Le Monde.fr avec AFP | 28.12.2012 à 12h09 • Mis à jour le 28.12.2012 à 13h49

 
 
La moindre hausse du PIB résulte de l'intégration de nouvelles informations comme la baisse dans la production de services de transport, l'investissement et la consommation de services.

La croissance de l'économie française au troisième trimestre a été révisée à la baisse à 0,1 % contre une précédente estimation de 0,2 %, a annoncé vendredi 28 décembre l'Insee, éloignant plus encore la possibilité d'atteindre l'objectif de croissance de 0,3 % du gouvernement pour 2012.

Le produit intérieur brut (PIB) de la France s'est contracté de 0,1 % au deuxième trimestre par rapport aux trois mois précédents, a précisé l'Institut national de la statistique et des études économiques (Insee), maintenant le chiffre publié en novembre.

La moindre hausse du PIB au troisième trimestre par rapport à l'estimation publiée en novembre "résulte de l'intégration d'informations connues depuis lors", justifie l'Insee, "en particulier, la production de [services de] transport est désormais évaluée en recul" et l'investissement et la consommation de services sont "globalement un peu moins dynamiques".

 

L'OBJECTIF OFFICIEL DIFFICILEMENT ATTEIGNABLE

L'acquis de croissance du PIB pour l'ensemble de l'année, c'est-à-dire le résultat qui serait finalement constaté si la croissance était nulle au quatrième trimestre, a, lui aussi, été révisé en baisse par rapport à l'estimation donnée le mois dernier, à 0,1 % au lieu de 0,2 %.

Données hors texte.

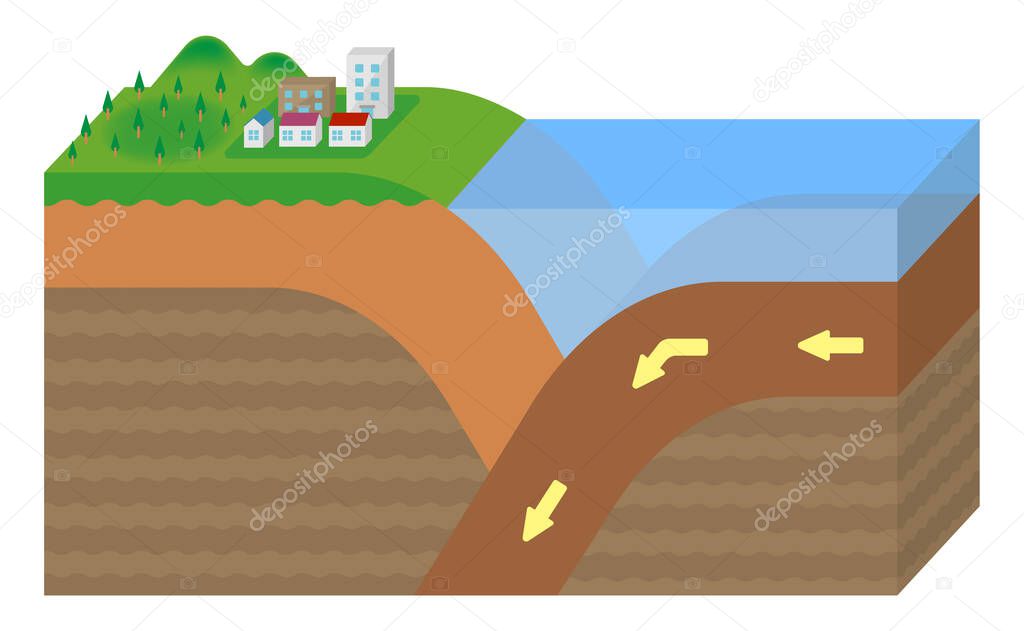 Continental crust and Oceanic crust. Sectional view vector illustration.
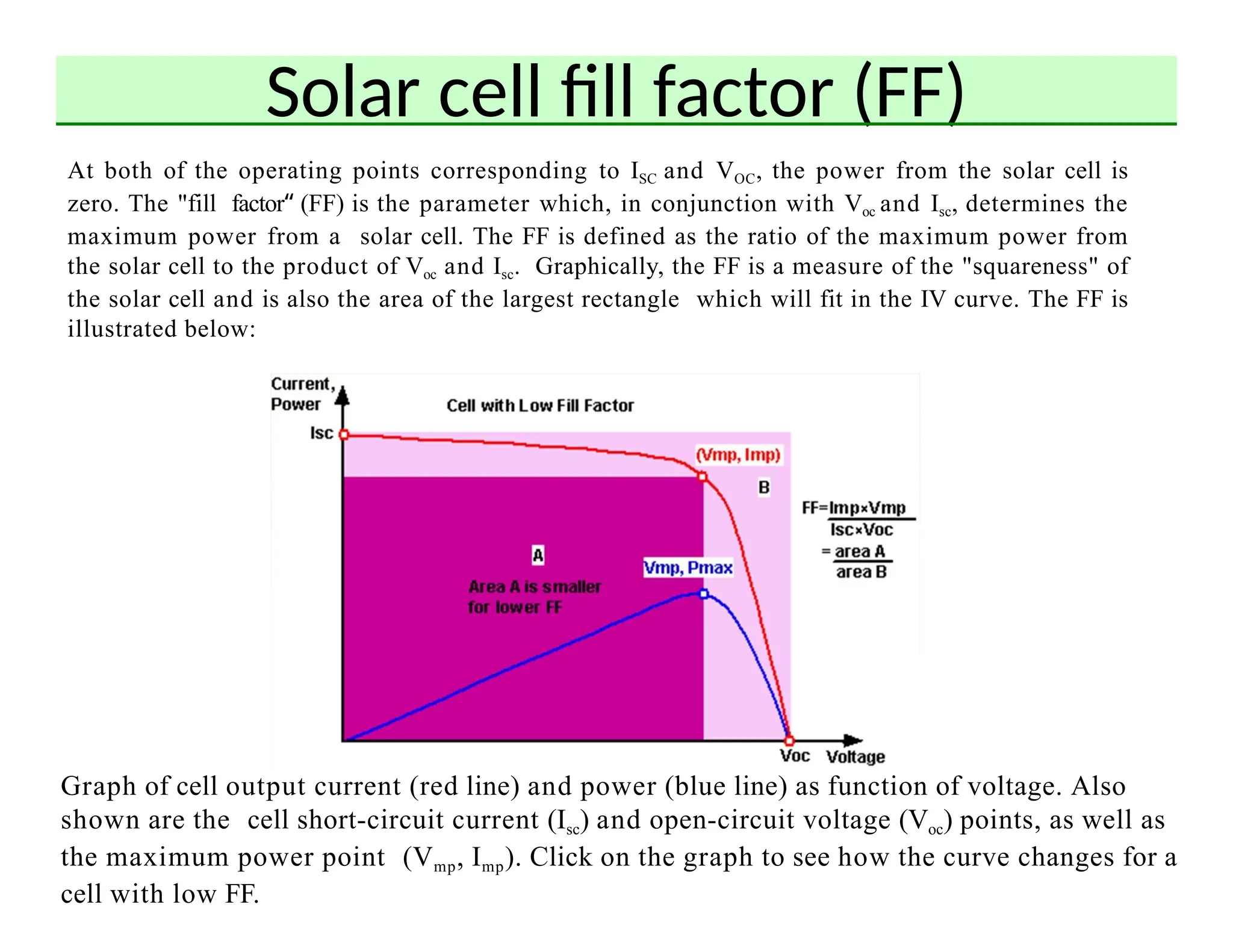 Solar cell fill factor (FF)
Graph of cell output current (red line) and power (blue line) as function of voltage. Also
shown are the cell short-circuit current (Isc) and open-circuit voltage (Voc) points, as well as
the maximum power point (Vmp, Imp). Click on the graph to see how the curve changes for a
cell with low FF.
At both of the operating points corresponding to ISC and VOC, the power from the solar cell is
zero. The "fill factor“ (FF) is the parameter which, in conjunction with Voc and Isc, determines the
maximum power from a solar cell. The FF is defined as the ratio of the maximum power from
the solar cell to the product of Voc and Isc. Graphically, the FF is a measure of the "squareness" of
the solar cell and is also the area of the largest rectangle which will fit in the IV curve. The FF is
illustrated below:
 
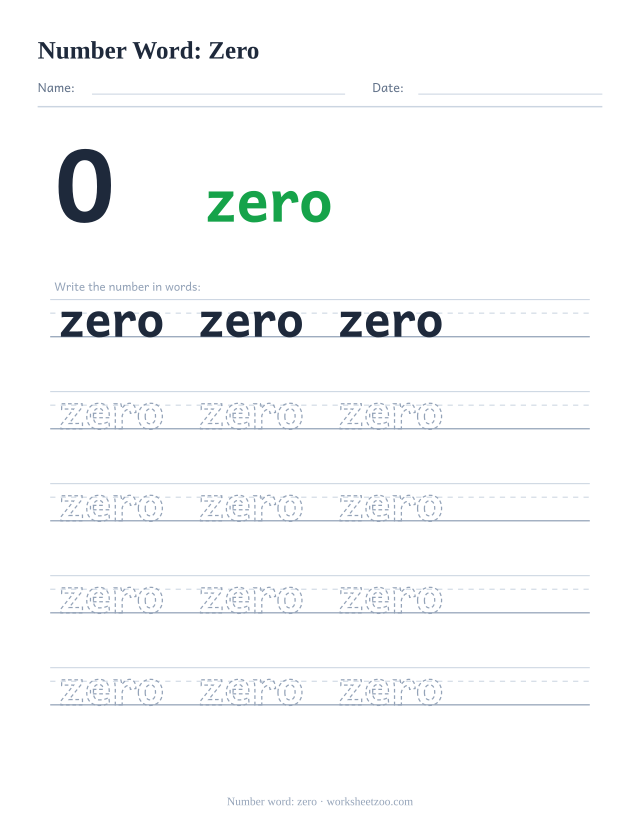 Number word tracing worksheet for zero, the digit 0 beside the word with five rows of handwriting practice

Ce faible acquis rend difficilement accessible l'objectif officiel de 0,3 % de croissance en 2012 car il faudrait 0,7 % de croissance au quatrième trimestre pour y parvenir. Or, l'Insee a prévu dans sa dernière note de conjoncture publiée le 20 décembre un PIB des trois derniers mois de l'année de 0,2 % inférieur à celui des trois mois précédents.

La France échappe néanmoins à la récession, techniquement définie comme au moins deux trimestres consécutifs de contraction de l'activité, une situation qui devrait se maintenir au moins jusque fin juin, l'Insee prévoyant une croissance de 0,1 % pour chaque trimestre au premier semestre 2013.

 

 BAISSE DU POUVOIR D'ACHAT INDIVIDUEL

Par ailleurs, les chiffres détaillés diffusés vendredi montrent que le pouvoir d'achat individuel, mesuré par unité de consommation, un calcul qui tient compte de la composition des ménages et des évolutions démographiques, a reculé de 0,2 % au troisième trimestre après avoir augmenté de 0,2 % au cours des trois mois précédents.

Cela s'explique notamment par une forte accélération de la progression des impôts sur le revenu et le patrimoine (+ 3,8 % après + 0,9 %), due aux "mesures de renforcement des recettes fiscales votées pour redresser les finances publiques en 2012", explique l'Insee.

La masse salariale perçue par les ménages a vu sa hausse accélérer légèrement (+ 0,5 % après + 0,4 %) et "le dynamisme des prestations sociales ne faiblit pas (+ 0,9 % après + 0,9 %)", a précisé l'Insee.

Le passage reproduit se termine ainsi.